All these different ministries and divisions are coordinated strategically in the war on poverty in this community. Our employee team now numbers more than 120 people. Each one feels called by God to be here. Each one brings the joy of the Lord to a job here. Volunteers now fill more than 1600 slots each month. Each one helps us to keep the doors open and lights on. When you volunteer here and serve a meal, load a food box into a car or mentor someone, you might be the only Jesus that recipient has ever seen. You are His hands and feet and you may never know how much that one act of kindness and smile with a hand up meant to that person and family. Our donors number in the thousands and every one of you makes a difference. God is using the resources you give in amazing ways—$1 feeds 7 hungry people a meal. Did you know that if every person in this community who has a place to live and food for a meal gave $5 each month, we would have the resources needed to win this war?
Ephesians 6:12 says, “For we wrestle not against flesh and blood, but against principalities, against powers, against the rulers of the darkness of this world, against spiritual wickedness in high places.” I believe that the darkness of this world—whether in sex slavery, addiction, abuse, crime or gangs is not from God. If it isn’t from God, the logical conclusion is that it is from the devil—the ruler of the darkness. I believe we’re in a battle against the devil himself and that by fighting poverty and fighting for people who are homeless and hungry, we will win.
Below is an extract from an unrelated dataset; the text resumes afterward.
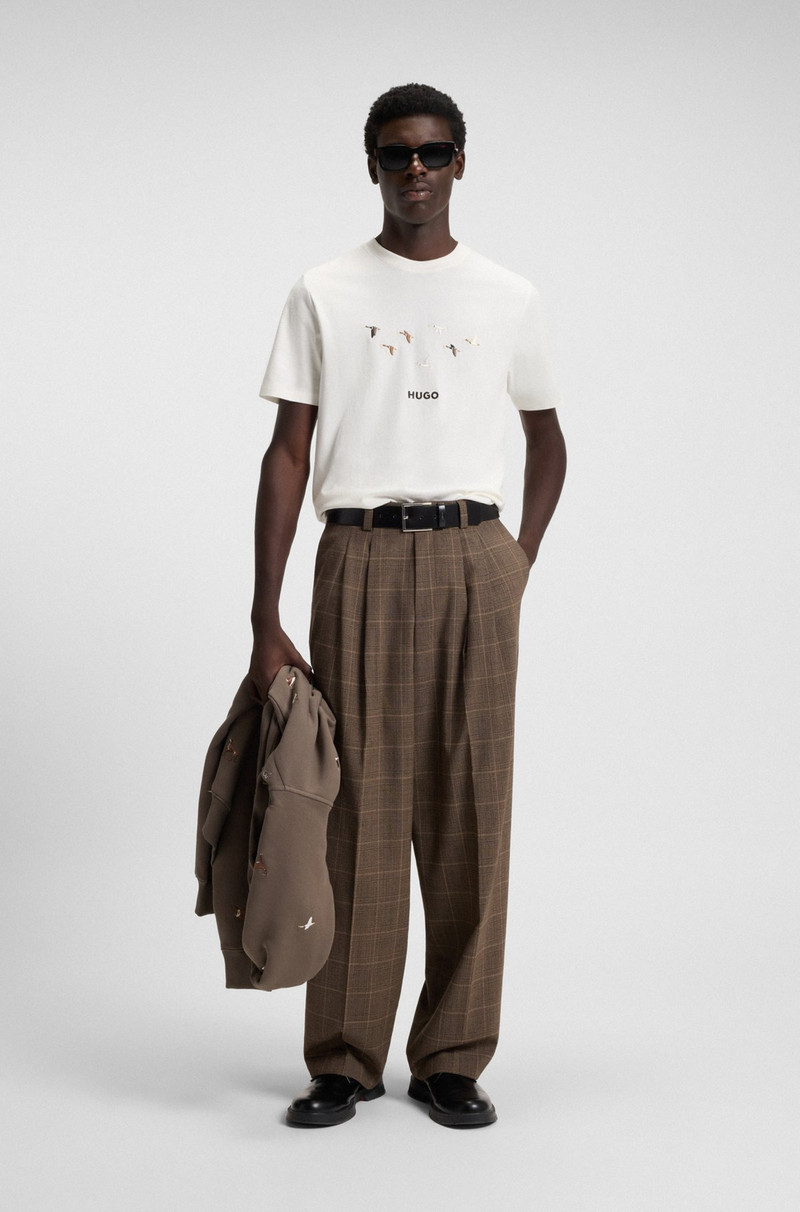 HUGO COTTON JERSEY T-SHIRT WITH CURVED EMBROIDERED LOGO outlook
As I was finishing this article, a woman came in and invited our team to participate in a mental health awareness festival her church is sponsoring this Fall. We estimate that 60% or more of the people we serve struggle against mental illness and addiction. We were honored to be invited. For me, the best part of her visit was when she turned to me and said, “I used to be a guest here. In 2003, I had nowhere to go. Family wouldn’t take me anymore. I came here to survive. Now I have had my own place for more than 10 years, belong to a church and give back in other ways. Your team really helped me straighten out my life. Thank you.”
We have several signs in our office. One says, “expect a miracle.” Another says, “Faith is not believing God can. It is believing God WILL.” I get the pleasure of seeing those reminders every day. I believe God asks us to live this way and I approach life in that manner—expecting miracles and with faith that believes God WILL.
It takes an army to wage a battle and win a war. It also requires solid strategy and the flexibility to move on new fronts. This is an all-volunteer army and this is our community. Will you help us win?